A lot of C (and C++) memory-related issues are caused by this assumption that by just passing a `char *` one sends a string out into the world. A point that I made on other occasions in other contexts is that in the end POSIX makes us do this, and perhaps it's time to rewrite from the bottoms up.
That aside, the issue of safety of Rust doesn't change: just because one has the `unsafe` keyword doesn't mean that someone will not use it badly. Maybe the reader of this will not use unsafe unwisely, they will eventually call unsafe-by-design APIs. At their layer they will write safe code, but below them there's a rusty bucket, if one can pardon my pun.
Blaming tools is rather dumb to me. That good software has been made with languages other than Rust proves that the issue is not the tool but rather the person using the tool. Additionally, claiming that a language’s compiler automatically solves an issue is actually just shifting trust from one’s self to someone else who is magically better because reasons.
Well, just because you can use a tool doesn't mean you should. It's not always about skill but rather whether the tool is appropriate. It may be possible to clean your floor with a toothbrush but that doesn't mean it is a worthwhile tool for doing so. If you're trying to kill a fly, perhaps the best tool for the job is not a baseball bat.
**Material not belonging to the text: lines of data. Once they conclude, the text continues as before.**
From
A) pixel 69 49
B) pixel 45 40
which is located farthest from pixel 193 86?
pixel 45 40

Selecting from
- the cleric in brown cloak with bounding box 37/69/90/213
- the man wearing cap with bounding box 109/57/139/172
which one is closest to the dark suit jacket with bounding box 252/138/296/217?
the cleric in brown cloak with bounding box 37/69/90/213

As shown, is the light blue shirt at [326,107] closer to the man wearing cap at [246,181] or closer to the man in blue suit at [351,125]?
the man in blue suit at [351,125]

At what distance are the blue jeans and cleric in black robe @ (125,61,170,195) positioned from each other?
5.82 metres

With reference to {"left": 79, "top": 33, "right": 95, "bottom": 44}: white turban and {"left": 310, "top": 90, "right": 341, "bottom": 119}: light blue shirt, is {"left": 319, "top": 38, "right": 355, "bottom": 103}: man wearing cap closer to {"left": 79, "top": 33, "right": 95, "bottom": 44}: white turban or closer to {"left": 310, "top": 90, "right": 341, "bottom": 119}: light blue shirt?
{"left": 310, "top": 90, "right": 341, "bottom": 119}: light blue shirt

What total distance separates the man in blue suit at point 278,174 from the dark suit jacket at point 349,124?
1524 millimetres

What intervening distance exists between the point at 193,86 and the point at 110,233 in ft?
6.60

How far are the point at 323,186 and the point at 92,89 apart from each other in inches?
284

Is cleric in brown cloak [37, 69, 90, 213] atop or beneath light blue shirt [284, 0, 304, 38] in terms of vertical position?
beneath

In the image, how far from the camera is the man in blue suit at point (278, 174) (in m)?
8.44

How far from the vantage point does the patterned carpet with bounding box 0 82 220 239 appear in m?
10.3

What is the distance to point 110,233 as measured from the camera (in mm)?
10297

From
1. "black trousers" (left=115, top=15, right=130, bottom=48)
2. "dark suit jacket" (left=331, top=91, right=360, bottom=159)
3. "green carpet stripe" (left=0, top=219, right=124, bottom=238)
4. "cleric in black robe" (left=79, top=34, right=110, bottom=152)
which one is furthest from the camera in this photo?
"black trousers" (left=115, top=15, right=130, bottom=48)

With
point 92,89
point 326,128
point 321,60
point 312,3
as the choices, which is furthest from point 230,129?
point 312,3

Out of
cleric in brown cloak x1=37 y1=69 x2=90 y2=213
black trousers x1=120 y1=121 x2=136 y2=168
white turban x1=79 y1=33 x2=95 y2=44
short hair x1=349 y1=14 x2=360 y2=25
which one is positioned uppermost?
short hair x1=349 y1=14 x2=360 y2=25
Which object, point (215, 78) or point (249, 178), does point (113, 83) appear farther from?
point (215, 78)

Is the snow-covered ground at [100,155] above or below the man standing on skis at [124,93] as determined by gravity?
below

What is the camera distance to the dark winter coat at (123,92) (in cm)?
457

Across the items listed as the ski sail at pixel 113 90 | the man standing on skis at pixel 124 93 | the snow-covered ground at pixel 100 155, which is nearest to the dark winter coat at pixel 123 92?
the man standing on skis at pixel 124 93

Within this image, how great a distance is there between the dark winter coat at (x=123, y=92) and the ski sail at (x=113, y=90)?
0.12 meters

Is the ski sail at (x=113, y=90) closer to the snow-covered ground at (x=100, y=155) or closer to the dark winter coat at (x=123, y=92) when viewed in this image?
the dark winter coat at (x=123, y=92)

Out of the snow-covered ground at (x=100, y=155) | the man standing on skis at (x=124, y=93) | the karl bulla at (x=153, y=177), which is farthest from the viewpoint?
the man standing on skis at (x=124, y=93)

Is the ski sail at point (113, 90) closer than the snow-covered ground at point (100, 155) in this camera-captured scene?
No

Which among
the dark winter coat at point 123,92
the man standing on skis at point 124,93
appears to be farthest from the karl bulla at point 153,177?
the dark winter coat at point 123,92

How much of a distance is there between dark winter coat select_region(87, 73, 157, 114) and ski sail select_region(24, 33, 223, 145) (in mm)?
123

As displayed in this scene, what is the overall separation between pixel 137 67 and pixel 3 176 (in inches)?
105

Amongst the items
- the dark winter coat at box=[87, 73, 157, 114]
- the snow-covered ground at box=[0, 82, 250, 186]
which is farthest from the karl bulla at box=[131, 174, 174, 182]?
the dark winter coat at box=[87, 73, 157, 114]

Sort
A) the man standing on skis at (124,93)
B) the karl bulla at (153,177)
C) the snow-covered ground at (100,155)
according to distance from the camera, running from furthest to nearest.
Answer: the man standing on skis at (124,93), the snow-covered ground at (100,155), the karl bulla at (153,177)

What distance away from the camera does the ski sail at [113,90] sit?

Yes. It's a toolbox. And perhaps some people think different ways aligned with some tools over others. People come to tech from different backgrounds that are sometimes nontechnical, while some are highly academic and focused such as CS. Also, there are classes of tasks that some tools are better at than others.
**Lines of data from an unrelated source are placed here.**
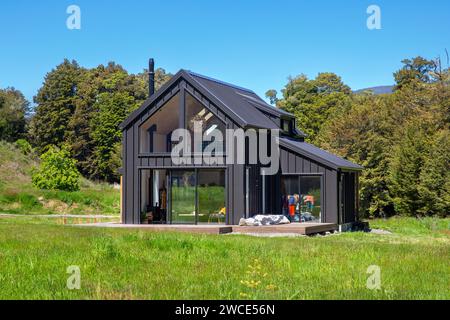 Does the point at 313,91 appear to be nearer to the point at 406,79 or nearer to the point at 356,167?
the point at 406,79

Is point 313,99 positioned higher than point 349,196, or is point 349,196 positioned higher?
point 313,99

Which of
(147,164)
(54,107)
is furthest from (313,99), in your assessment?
(147,164)

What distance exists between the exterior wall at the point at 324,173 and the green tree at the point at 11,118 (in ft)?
149

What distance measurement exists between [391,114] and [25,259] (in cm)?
4547

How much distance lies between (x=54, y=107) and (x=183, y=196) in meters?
47.1

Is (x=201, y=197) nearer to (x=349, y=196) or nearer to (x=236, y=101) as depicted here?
(x=236, y=101)

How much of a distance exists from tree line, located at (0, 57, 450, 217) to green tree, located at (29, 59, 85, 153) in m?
0.11

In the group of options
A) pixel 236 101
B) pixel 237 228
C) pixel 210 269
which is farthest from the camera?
pixel 236 101

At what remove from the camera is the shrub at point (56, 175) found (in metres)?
52.4

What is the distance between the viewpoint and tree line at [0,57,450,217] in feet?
149

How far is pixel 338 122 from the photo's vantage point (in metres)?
52.5

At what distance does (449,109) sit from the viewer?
50.4 metres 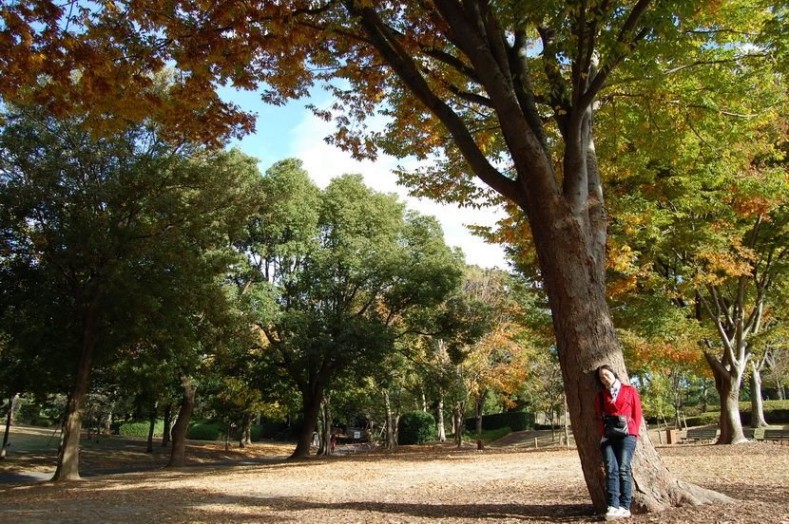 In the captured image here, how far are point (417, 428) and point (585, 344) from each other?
2903cm

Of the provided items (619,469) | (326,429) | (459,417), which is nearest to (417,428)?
(459,417)

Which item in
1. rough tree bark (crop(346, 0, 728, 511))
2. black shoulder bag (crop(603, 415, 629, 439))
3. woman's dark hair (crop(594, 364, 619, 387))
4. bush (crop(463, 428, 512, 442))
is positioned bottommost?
bush (crop(463, 428, 512, 442))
> The code did not compile. I was shocked. It’s quite an amazing feat, that, to have a recommended learning material that can make your very first program not compile. I will not dig through my archives but I discussed this at length back then, because it was really funny. The problem was, of course, the fact that I didn’t copy-paste right the setup sequence, and instead of choosing a certain numbered version of the random library (if I remember correctly) I let cargo download the latest version which had a completely different API.
Is this blog satire?
Is this question?
Skill issue
Yeah I have been trying soo hard to get into rust (My current stacks are very heavily Go based so performance for services is not a big concern for me and neither is the programming model - for doing long-running orchestration kinda work Go's CSP style is a god send). Main reason for wanting to get into Rust was doing more systems level stuff - ie CUDA, Parsers, DSLs etc. And frankly even though I thought i was great at learning new languages Rust has demanded a more distraction-free learning curve. Yep memsafety is great and all but if I cannot onboard piecemeal and I have to incur a reset each time I have to come back to it (say after a weak) that is a huge deal breaker.